[Material supplied]:
----------------------------------------
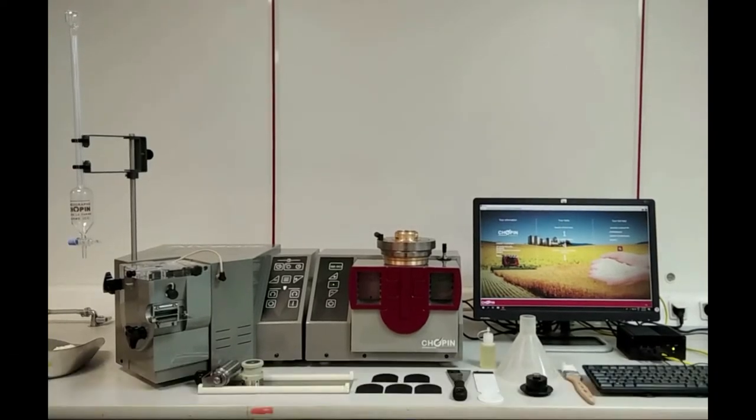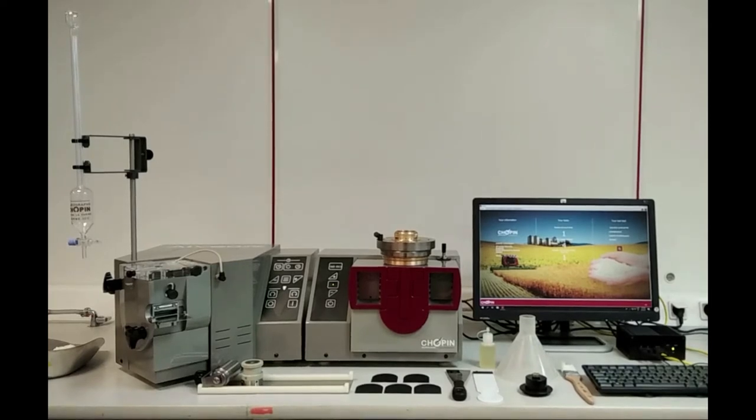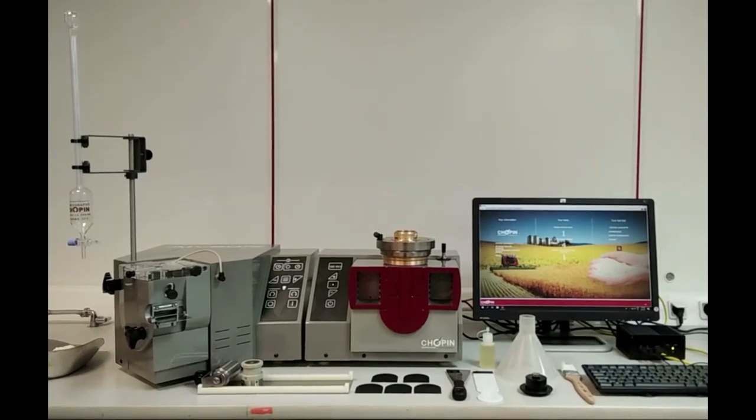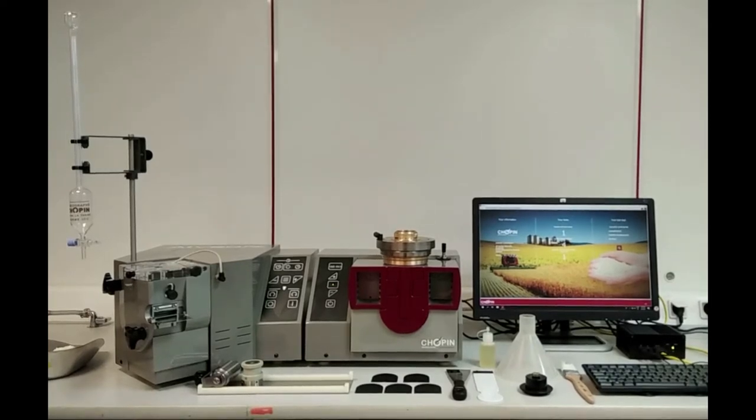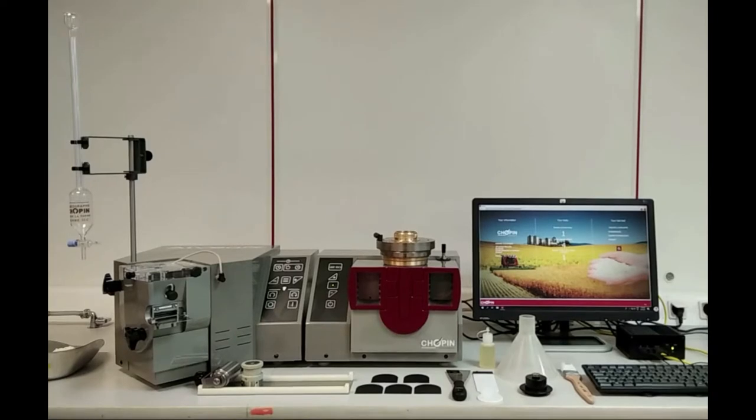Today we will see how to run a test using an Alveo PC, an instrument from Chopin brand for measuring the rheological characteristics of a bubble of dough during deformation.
----------------------------------------
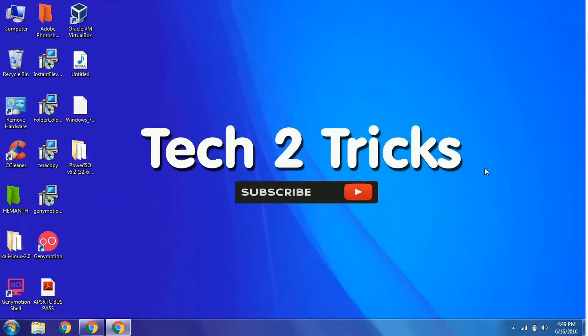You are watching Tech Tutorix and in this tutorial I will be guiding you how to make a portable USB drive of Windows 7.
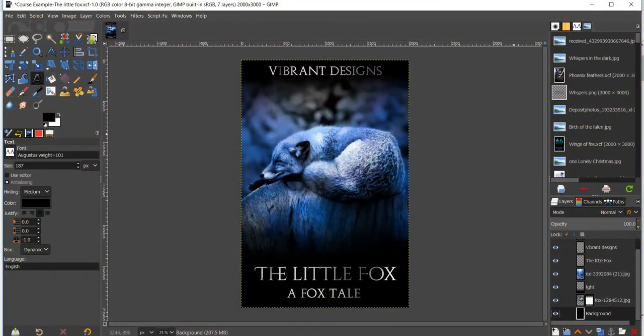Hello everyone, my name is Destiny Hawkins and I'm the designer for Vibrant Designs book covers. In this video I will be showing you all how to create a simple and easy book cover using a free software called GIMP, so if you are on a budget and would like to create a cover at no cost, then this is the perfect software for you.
----------------------------------------
[What you need to do]:
For the entries above, print exactly the lines between the one with "You are watching" and the one with "Hello everyone, my", inclusive, with no pictures.

[Solution]:
You are watching Tech Tutorix and in this tutorial I will be guiding you how to make a portable USB drive of Windows 7.
Hello everyone, my name is Destiny Hawkins and I'm the designer for Vibrant Designs book covers. In this video I will be showing you all how to create a simple and easy book cover using a free software called GIMP, so if you are on a budget and would like to create a cover at no cost, then this is the perfect software for you.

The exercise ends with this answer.